Kami tidak berbicara selama bertahun-tahun, namun pada akhirnya saya menghubungi karena dorongan untuk mengetahui apa yang terjadi dalam hidupnya. Hampir bisa dipastikan seseorang tertarik pada tragedi yang tak terhindarkan. Nasib tidak berbaik hati pada Jiten. Setelah putus sekolah, dia membantu bisnis kecil-kecilan ayahnya, dan akhirnya mengambil alih. Bisnisnya tidak berkembang mungkin karena Jiten memiliki ketakutan yang sangat besar terhadap teknologi. Sampai hari ini, Jiten takut mendekati laptop. Dia meminta saudara perempuannya untuk memelihara halaman Facebook-nya. Dia tidak memiliki ponsel pintar. Koreksi. Dia tidak mampu membeli ponsel pintar. Saya ingat suatu kali, hampir satu dekade yang lalu, setelah dia memperoleh salah satu ponsel JIO tersebut, saya membantunya membuka akun FB. Keesokan harinya, feed saya dibanjiri dengan foto-foto cabul dari aktor porno gay yang dia bagikan. Saat saya menelponnya, dia mengaku ponselnya telah diretas. Bertahun-tahun kemudian, dia mengaku telah membagikan foto-foto itu tanpa menyadari apa yang dia lakukan. Dia telah bersumpah untuk meninggalkan media sosial sejak saat itu. Saya sering bertanya kepadanya, dengan berani, apakah dia ingin menikah dengan seorang wanita. Ketika dia masih muda, jawabannya, yang paling mengecewakan, adalah ya. Ia mengaku akan menikah ketika kondisi finansial sudah lebih stabil.

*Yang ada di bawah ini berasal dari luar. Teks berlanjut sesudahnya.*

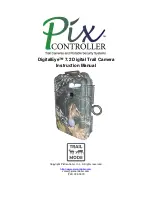 Pix Controller DigitalEye Instruction Manual preview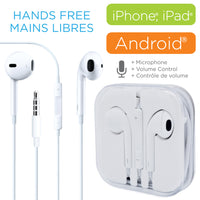 Elink écouteur avec micro style IPHONE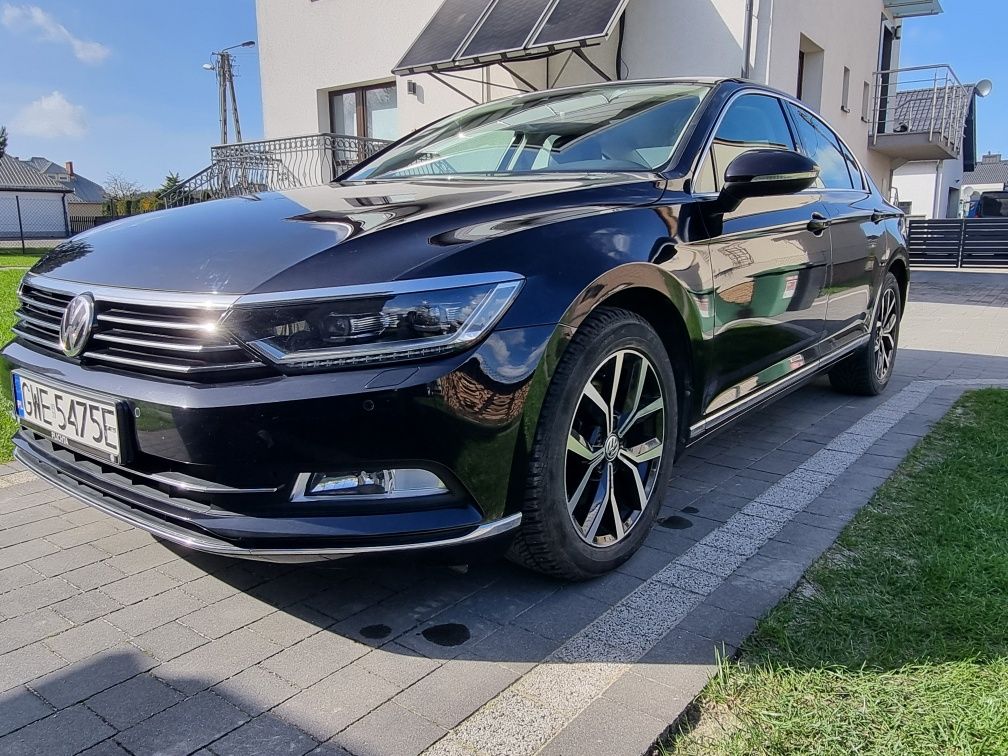 Volkswagen Passat Highline 1.4 TSI BMT, ACT 150KM sedan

Saya bertemu Jiten setelah hampir satu dekade setelah pandemi. Dia tampak jauh lebih kecil dari yang kuingat. Dia kehilangan sedikit rambutnya. Tapi pipinya masih tetap merona, tawanya masih menerangi ruangan, dan dia masih membawa saputangan garing di sakunya. Dia tersipu ketika saya bertanya apakah dia pernah bersama seorang pria atau wanita. Dia juga belum bersama. Usianya 43 tahun. Apakah dia berencana menikah dengan seorang wanita sekarang? “Jangan menyia-nyiakan hidup siapa pun (Saya tidak ingin merusak kehidupan siapa pun),” katanya. Dia ingin bertemu pria aneh, tapi tidak tahu caranya. “Dia harusnya tinggi, berkulit gelap, dan tampan, dan dia harus menjagaku. Dia seharusnya punya selera humor yang tinggi juga” adalah jawabannya yang mirip pahlawan Bollywood tahun 1990-an ketika saya bertanya kepadanya pria seperti apa yang dia inginkan. Aku memutar mataku.

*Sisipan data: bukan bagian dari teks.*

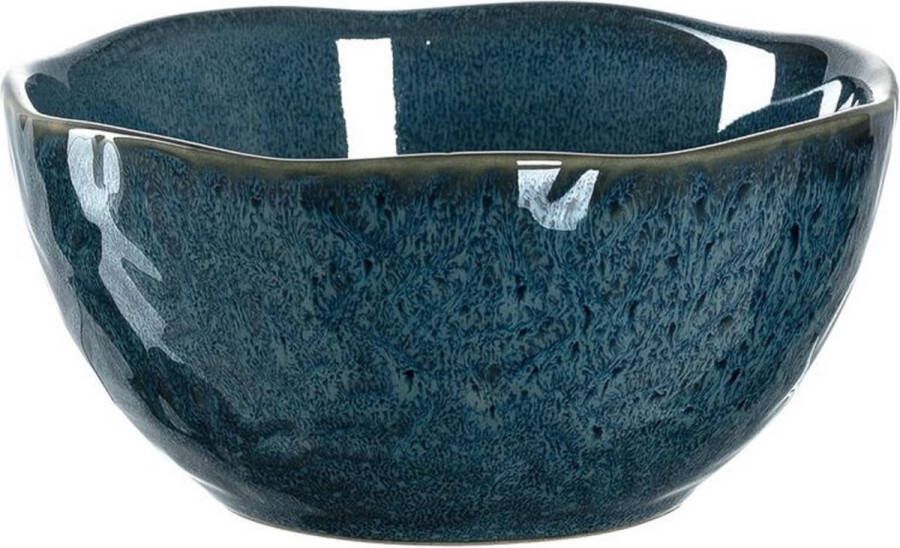 Leonardo Kleine Kom Matera Blauw ø 12 cm 380 ml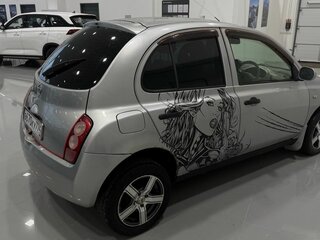 2003 Nissan March III (K12), серебристый, 285000 рублей, вид 5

Dia ingin tahu tentang semua pria yang pernah bersamaku. Dia ingin melihat foto-foto mereka. Dia menilai mereka berdasarkan bulunya. Setiap kali kami bersama, kami seperti dua bocah gay berusia 13 tahun yang cekikikan dan tenggelam dalam lelucon pribadi kami. Kami hampir seperti bayangan cermin satu sama lain. Kecuali kita sangat berbeda. Saya bisa keluar dari gelembung dan menjalani kehidupan sebagai pria gay berusia 42 tahun. Dia tidak bisa.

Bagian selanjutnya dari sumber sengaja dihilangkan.